Australian Prime Minister Scott Morrison's government is reliant on the support of five independents to survive, as it is poised to lose its one-seat parliamentary majority at a by-election in Sydney. PHOTO: EPA-EFE

SYDNEY (REUTERS) - Australian Prime Minister Scott Morrison will meet independent lawmakers as early as Monday (Oct 22) in a bid to shore up support for his government, as it is poised to lose its one-seat parliamentary majority.

The ruling Liberal Party saw a 20 per cent swing against it at a by-election in Sydney, leaving the government reliant on the support of five independents to survive.

Several independent lawmakers have so far offered only qualified support for Mr Morrison to continue, warning that their backing would be conditional on policy changes.

Ms Cathy McGowan, a member of the ruling government who resigned to sit as an independent, said she expects a meeting between the five lawmakers and the Prime Minister to happen on Monday.
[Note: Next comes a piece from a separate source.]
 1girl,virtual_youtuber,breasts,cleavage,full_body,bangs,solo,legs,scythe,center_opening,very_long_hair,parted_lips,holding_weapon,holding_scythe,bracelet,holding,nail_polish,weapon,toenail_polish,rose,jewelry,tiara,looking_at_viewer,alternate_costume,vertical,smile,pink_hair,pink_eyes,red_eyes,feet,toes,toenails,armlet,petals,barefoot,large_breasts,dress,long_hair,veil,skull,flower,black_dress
"Ideally, I'd like the government to go full term, but we, the crossbenchers, will have those discussions today with the Prime Minister, the treasurer and various other ministers," she told the Australian Broadcasting Corporation.

Mr Morrison must return to the polls by May 2019.
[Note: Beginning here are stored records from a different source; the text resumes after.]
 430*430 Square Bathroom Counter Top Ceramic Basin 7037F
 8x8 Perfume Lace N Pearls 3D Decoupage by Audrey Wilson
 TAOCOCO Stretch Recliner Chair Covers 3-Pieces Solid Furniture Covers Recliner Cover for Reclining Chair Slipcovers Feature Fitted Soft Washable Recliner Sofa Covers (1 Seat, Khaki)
Sources familiar with the plans of the other independent lawmakers told Reuters no meeting has yet been scheduled, though talks are ongoing.

A spokesman for Mr Morrison declined to comment.

Mr Morrison's move to meet with the independent lawmakers comes as his Liberal Party candidate maintains a slim chance of victory in the electorate of Wentworth.

Independent candidate Kerryn Phelps has a lead of more than 1,600 votes, though several thousand postal votes are still be counted.

Last Saturday, Mr Morrison surrendered the seat, vacated by former prime minister Malcolm Turnbull after his retirement from politics following his ousting as leader in August, though he later admitted he may have conceded too soon.

The ballot was propelled into international prominence after Mr Morrison's late attempt to garner support from Jewish voters, who account for 13 per cent of Wentworth's electorate, by suggesting Australia could recognise Jerusalem as Israel's capital and move its embassy there from Tel Aviv.